Gigio Rancilio venerdì 15 novembre 2019

Si chiama bias di conferma. In psicologia indica «un processo mentale che consiste nel ricercare, selezionare e interpretare informazioni ponendo maggiore attenzione, e attribuendo loro maggiore credibilità, a quelle che confermano le nostre convinzioni».
Tutti ne siamo vittime inconsapevoli. Nessuno escluso. Perché questi «malfunzionamenti cognitivi» colpiscono chiunque, indipendentemente dall'età, dal grado di istruzione e dalla professione.
Penserete: ma cosa c'entrano i bias cognitivi con Lucio Battisti e Spotify, cioè con uno degli artisti più importanti della musica italiana e con la piattaforma più utilizzata per lo streaming musicale? C'entrano. Perché non esiste appassionato di musica (soprattutto tra i non più ragazzi) che non ha amato Lucio Battisti e che non senta forte la sua mancanza. Fosse per loro – anzi, per noi – Battisti dovrebbe giustamente essere ascoltato da chiunque e in tutto il mondo. Si può spiegare solo così l'entusiasmo col quale è stato accolto un comunicato stampa di Spotify che riguardava il successo di Battisti anche tra i più giovani utilizzatori della piattaforma digitale dedicata alla musica.
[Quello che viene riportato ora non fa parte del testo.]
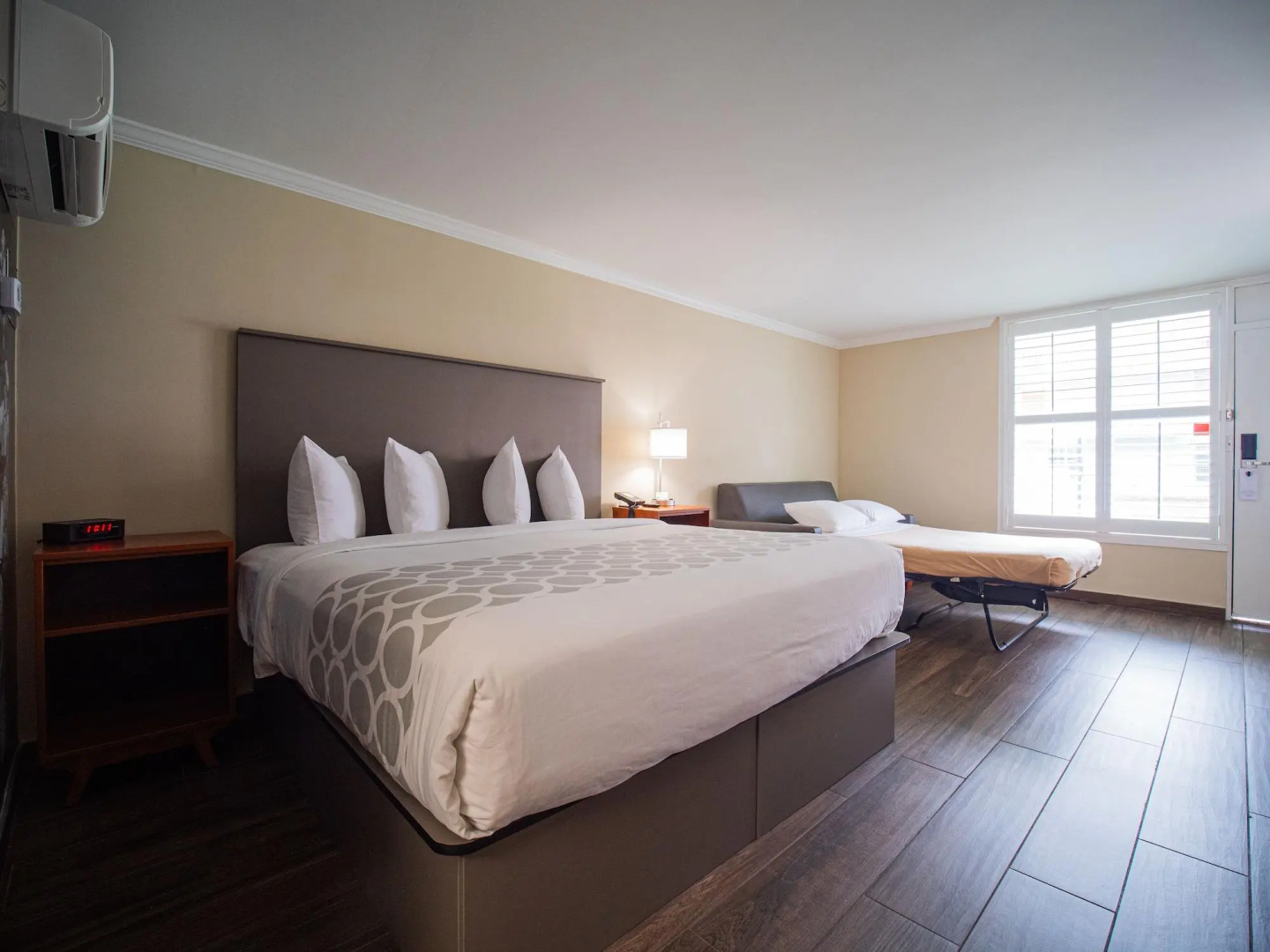 Отель Equus Inn Ocala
Per la serie: vedi che avevamo ragione, Lucio ha un valore così grande che chiunque, se lo avvicina almeno una volta, ne rimane affascinato. Anche la generazione degli smartphone e della trap.
Veniamo ai dati diffusi. A poco più «di due mesi dallo sbarco» (in realtà è poco più di un mese) su Spotify «Battisti ha avuto oltre 20 milioni di streaming, con una media mensile di 600mila ascoltatori».
Bello. Bellissimo. E interessante anche sapere che la sua canzone più ascoltata sia Il mio canto libero, la quale al momento ha superato il milione e mezzo di clic. C'è ancora tanto per cui gioire: secondo Spotify, «oltre il 62% di ascoltatori di Battisti è composto da
under 35». E il 24,79% fa parte della fascia 18-24 anni.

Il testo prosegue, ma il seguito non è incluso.